Abstract

Coal is a heterogeneous substance whose structure and properties are highly variable on the length scale of the particle sizes used in suspension-fired combustion systems. For certain applications the statistical variations among particles can play an important role. In this paper, three specialized, single-particle techniques are applied to quantify the variations in combustion reactivity and char particle density within pulverized char particle populations. Reactivity variations are investigated through captive particle imaging experiments and entrained flow reactor experiments employing single-particle optical diagnostics. Single-particle density variations are determined directly by a novel technique based on an electrodynamic microbalance equipped with an automated video imaging and image processing system. From these data, a coal-general statistical kinetic model is developed and validated against a large set of single-particle temperature measurements for ten coals of various rank burning in three different combustion environments.
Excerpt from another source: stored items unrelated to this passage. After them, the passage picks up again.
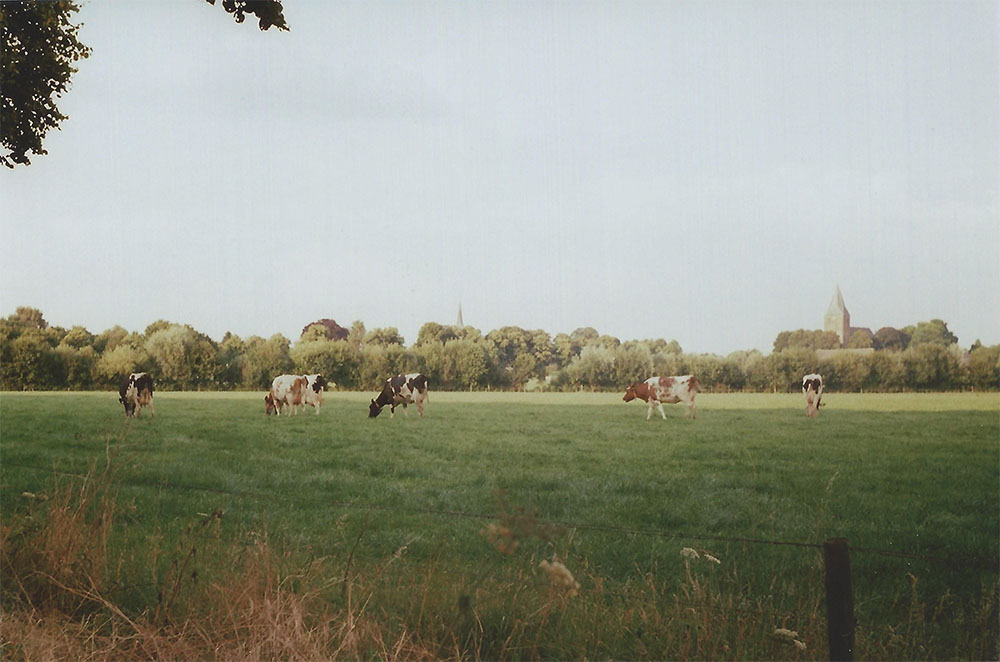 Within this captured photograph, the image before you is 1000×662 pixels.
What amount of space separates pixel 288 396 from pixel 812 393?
10.1ft

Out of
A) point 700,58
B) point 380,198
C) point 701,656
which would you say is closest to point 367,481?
point 380,198

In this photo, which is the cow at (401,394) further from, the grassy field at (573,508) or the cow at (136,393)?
the cow at (136,393)

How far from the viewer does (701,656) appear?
2.96 meters

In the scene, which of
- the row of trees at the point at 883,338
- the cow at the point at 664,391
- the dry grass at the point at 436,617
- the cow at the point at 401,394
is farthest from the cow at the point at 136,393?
the row of trees at the point at 883,338

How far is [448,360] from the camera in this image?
5.37 meters

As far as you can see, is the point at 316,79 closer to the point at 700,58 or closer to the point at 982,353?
the point at 700,58

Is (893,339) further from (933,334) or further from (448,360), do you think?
(448,360)

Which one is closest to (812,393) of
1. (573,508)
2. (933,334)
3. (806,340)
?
(806,340)

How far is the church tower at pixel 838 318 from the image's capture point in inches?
179

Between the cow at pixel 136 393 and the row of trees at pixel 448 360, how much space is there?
0.23 ft

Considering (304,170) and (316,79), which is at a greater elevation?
(316,79)

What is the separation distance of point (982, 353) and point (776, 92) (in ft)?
5.77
The model incorporates a single empirical parameter describing the heterogeneity in reactivity and can adequately describe the entire database using a single coal-independent value of this parameter. The use of the model is demonstrated in a series of numerical simulations of complete burnout process for size-classified and polydisperse fuel samples. The simulations show that incorporating statistical kinetics has an important effect on burnout predictions in certain cases, the importance increasing with decreases in temperature, mean reactivity, and breadth of the particle size distribution.